## Data for the task
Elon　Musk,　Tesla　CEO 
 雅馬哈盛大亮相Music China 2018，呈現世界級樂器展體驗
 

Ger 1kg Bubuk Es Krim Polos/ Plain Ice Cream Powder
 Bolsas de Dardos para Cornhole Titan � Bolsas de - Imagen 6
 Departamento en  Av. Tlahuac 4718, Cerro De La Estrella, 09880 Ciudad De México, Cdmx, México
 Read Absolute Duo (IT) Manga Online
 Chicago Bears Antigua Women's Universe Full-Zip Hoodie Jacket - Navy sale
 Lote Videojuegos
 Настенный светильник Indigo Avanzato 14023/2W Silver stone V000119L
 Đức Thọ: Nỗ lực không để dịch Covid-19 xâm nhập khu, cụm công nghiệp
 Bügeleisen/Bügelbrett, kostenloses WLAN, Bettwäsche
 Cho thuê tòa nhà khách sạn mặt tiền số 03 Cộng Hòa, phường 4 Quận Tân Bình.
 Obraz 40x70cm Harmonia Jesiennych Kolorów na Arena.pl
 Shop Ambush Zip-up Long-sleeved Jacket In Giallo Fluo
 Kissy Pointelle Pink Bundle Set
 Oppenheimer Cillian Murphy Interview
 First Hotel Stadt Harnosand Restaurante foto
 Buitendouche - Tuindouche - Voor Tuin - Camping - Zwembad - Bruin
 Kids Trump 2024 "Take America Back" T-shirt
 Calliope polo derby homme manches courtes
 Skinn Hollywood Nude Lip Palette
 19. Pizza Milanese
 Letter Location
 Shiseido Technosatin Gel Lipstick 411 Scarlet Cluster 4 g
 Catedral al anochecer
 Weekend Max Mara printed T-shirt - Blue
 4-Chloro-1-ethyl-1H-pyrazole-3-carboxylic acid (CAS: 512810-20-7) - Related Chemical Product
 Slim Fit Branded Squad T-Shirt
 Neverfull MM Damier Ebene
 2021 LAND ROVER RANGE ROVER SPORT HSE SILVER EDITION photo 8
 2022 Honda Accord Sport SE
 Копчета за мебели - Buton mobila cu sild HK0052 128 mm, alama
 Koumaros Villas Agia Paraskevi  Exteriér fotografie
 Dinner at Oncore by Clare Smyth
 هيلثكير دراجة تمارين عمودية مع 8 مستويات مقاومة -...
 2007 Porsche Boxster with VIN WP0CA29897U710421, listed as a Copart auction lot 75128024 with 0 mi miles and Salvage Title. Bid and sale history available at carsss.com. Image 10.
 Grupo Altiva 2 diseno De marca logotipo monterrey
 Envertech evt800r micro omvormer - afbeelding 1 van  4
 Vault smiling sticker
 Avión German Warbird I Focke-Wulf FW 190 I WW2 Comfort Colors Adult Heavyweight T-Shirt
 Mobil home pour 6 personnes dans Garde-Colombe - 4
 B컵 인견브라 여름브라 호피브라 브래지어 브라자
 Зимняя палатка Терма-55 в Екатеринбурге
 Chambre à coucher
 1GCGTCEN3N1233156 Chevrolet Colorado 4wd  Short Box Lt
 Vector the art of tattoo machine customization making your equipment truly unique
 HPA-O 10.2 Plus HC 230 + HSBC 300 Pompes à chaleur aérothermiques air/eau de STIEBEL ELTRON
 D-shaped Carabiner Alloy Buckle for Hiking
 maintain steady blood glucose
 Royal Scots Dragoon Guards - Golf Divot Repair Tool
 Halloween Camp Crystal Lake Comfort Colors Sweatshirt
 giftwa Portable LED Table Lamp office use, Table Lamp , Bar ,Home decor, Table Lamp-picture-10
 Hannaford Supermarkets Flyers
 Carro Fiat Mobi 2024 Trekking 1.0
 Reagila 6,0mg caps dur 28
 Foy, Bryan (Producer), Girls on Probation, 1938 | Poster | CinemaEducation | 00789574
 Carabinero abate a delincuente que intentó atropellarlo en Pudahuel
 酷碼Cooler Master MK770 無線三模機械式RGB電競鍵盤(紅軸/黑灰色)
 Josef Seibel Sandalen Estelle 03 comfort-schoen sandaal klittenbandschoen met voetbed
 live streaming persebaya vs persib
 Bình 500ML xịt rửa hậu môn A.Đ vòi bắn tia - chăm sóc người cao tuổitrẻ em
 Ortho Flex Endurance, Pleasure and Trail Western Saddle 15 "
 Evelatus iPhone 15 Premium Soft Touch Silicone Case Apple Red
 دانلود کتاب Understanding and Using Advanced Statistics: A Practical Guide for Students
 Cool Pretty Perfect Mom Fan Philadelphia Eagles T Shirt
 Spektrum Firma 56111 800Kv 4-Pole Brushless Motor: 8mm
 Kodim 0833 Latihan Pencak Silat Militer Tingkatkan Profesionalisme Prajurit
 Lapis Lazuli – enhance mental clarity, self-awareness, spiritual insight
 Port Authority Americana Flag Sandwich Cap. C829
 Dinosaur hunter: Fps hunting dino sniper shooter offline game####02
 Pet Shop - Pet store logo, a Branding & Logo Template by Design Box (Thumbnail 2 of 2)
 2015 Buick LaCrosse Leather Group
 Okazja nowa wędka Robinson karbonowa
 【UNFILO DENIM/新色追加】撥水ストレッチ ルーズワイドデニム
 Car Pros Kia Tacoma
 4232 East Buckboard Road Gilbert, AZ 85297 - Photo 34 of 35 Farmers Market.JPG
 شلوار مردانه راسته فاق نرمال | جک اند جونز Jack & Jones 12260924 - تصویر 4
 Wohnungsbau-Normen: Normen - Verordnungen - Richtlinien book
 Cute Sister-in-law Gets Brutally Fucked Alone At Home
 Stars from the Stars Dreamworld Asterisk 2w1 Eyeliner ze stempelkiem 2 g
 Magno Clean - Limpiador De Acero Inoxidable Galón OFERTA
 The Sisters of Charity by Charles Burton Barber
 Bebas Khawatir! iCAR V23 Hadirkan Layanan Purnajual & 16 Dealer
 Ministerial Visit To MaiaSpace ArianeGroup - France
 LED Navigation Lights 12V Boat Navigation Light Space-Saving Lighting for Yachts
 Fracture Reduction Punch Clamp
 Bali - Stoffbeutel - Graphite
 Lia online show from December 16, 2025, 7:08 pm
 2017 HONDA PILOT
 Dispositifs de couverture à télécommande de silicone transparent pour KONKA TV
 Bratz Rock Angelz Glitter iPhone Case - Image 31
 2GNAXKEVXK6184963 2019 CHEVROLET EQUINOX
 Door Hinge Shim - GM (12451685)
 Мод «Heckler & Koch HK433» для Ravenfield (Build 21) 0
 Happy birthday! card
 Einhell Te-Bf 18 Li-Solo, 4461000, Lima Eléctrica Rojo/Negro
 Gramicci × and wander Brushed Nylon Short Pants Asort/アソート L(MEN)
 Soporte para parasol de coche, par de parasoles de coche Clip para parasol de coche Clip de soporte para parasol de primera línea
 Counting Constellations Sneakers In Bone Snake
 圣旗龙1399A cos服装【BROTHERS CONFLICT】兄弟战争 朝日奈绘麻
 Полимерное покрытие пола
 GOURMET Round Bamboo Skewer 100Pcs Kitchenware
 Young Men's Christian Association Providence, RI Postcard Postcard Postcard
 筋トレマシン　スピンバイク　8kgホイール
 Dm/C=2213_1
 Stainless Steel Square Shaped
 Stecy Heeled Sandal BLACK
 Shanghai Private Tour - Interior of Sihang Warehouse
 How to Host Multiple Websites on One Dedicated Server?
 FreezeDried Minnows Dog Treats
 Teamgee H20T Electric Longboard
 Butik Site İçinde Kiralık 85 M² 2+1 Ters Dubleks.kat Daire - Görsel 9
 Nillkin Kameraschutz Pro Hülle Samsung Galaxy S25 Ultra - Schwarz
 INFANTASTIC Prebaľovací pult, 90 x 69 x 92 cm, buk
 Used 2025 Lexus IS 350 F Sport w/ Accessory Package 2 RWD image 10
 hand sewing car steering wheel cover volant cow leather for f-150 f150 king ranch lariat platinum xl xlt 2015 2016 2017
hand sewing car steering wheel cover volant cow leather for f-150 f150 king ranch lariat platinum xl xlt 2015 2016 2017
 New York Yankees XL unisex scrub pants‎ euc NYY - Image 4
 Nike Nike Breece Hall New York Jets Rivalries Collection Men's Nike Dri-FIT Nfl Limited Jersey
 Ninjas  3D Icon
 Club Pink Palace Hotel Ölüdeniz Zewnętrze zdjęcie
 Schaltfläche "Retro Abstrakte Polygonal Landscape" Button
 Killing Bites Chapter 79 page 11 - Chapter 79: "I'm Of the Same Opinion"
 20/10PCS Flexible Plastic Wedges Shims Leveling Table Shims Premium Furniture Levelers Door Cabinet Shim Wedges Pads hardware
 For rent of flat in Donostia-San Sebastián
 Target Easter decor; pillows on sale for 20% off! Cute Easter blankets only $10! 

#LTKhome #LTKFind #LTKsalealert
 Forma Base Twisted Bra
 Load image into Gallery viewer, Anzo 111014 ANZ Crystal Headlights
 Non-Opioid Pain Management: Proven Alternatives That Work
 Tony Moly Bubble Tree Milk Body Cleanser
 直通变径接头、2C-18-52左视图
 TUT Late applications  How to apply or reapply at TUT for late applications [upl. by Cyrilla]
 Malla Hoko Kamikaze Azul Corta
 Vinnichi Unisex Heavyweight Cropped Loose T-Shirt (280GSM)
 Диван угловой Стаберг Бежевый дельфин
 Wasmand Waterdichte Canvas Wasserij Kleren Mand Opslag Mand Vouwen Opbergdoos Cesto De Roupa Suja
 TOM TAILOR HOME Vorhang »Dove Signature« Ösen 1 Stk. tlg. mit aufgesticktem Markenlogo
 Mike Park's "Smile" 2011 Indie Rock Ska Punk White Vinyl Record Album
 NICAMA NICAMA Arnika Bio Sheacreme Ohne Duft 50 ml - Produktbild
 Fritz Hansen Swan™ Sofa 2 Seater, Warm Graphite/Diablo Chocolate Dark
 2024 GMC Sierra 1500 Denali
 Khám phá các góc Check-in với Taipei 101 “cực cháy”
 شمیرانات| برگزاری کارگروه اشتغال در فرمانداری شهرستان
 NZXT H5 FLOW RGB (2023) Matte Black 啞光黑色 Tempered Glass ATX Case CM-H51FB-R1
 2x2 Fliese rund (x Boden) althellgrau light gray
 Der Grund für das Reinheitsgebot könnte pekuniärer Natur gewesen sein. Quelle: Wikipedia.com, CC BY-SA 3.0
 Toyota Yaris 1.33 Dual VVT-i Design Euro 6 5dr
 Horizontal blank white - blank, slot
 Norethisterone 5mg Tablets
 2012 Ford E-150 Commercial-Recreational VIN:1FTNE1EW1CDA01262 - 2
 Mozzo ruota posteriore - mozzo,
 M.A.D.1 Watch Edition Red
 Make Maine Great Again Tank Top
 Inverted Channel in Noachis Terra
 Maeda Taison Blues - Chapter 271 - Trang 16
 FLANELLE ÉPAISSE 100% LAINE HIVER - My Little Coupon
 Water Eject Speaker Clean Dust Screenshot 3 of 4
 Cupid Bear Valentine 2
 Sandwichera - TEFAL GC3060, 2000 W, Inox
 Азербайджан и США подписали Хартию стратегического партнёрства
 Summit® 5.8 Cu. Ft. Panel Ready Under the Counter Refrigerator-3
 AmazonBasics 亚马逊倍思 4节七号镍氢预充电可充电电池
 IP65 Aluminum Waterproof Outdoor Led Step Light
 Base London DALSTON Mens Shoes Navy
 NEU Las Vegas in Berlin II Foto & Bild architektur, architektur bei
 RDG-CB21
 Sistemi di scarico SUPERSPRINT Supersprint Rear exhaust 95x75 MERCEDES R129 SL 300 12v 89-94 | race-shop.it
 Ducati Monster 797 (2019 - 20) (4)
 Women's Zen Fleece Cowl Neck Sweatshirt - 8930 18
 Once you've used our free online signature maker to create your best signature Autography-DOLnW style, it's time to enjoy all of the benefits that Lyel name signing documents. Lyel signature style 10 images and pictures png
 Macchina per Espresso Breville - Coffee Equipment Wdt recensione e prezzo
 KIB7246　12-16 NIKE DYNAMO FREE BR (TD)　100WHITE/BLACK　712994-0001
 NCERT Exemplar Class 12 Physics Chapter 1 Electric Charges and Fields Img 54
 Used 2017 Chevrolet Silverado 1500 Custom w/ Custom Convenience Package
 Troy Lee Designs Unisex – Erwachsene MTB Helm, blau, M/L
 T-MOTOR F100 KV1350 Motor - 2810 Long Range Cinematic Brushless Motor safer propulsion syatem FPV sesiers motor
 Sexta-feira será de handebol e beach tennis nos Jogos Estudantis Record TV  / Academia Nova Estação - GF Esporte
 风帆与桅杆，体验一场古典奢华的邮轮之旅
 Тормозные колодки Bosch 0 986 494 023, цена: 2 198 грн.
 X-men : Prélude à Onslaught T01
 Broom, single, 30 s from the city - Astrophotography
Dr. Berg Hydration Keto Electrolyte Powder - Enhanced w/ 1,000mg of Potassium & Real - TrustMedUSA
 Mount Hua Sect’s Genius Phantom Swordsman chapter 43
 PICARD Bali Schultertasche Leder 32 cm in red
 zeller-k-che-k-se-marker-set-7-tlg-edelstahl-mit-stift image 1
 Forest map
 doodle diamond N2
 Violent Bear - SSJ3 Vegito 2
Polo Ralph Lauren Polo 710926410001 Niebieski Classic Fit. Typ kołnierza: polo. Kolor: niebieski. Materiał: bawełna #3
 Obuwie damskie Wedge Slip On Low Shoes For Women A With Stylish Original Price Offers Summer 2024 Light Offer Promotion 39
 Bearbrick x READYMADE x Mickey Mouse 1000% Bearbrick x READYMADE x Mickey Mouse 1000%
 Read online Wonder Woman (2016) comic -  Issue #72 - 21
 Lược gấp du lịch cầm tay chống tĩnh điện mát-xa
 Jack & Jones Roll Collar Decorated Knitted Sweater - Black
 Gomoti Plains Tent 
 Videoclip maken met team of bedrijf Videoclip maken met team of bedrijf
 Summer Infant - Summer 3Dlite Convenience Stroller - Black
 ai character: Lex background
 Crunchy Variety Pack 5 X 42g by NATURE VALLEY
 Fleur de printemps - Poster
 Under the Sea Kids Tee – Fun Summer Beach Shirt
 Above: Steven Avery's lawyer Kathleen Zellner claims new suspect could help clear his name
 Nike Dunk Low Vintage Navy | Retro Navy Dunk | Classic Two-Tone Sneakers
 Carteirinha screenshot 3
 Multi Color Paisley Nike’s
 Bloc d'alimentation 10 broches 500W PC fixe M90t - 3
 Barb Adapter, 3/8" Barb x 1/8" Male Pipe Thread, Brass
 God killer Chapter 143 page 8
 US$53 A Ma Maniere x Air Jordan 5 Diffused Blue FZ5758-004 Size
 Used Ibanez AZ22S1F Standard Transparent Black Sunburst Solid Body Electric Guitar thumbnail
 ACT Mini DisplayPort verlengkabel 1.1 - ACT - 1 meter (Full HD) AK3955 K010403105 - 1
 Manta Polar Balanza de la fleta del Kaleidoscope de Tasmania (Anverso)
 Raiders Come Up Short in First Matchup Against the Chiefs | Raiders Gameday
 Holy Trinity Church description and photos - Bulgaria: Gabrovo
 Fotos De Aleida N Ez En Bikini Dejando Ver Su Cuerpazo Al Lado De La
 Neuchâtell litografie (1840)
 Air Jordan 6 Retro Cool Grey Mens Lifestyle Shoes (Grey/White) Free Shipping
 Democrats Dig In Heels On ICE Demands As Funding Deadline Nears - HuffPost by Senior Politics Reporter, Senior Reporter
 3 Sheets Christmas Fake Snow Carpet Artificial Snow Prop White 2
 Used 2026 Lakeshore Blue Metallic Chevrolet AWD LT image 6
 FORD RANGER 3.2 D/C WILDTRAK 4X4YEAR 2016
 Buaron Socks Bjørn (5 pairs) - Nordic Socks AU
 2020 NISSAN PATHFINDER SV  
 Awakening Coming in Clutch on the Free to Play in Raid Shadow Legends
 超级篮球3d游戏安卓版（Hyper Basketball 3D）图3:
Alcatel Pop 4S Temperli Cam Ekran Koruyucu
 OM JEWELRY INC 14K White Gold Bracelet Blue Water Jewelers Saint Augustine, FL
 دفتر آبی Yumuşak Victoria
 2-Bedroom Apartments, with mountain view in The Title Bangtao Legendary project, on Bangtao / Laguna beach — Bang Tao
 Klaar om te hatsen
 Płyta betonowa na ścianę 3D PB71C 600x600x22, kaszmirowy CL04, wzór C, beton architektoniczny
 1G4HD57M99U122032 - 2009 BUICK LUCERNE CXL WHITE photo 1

## Work to complete
Within the material above, copy exactly the lines from the line that holds "Oppenheimer Cillian Murphy Interview" up to and including the line that holds "2022 Honda Accord Sport SE".

## Result for this task
 Oppenheimer Cillian Murphy Interview
 First Hotel Stadt Harnosand Restaurante foto
 Buitendouche - Tuindouche - Voor Tuin - Camping - Zwembad - Bruin
 Kids Trump 2024 "Take America Back" T-shirt
 Calliope polo derby homme manches courtes
 Skinn Hollywood Nude Lip Palette
 19. Pizza Milanese
 Letter Location
 Shiseido Technosatin Gel Lipstick 411 Scarlet Cluster 4 g
 Catedral al anochecer
 Weekend Max Mara printed T-shirt - Blue
 4-Chloro-1-ethyl-1H-pyrazole-3-carboxylic acid (CAS: 512810-20-7) - Related Chemical Product
 Slim Fit Branded Squad T-Shirt
 Neverfull MM Damier Ebene
 2021 LAND ROVER RANGE ROVER SPORT HSE SILVER EDITION photo 8
 2022 Honda Accord Sport SE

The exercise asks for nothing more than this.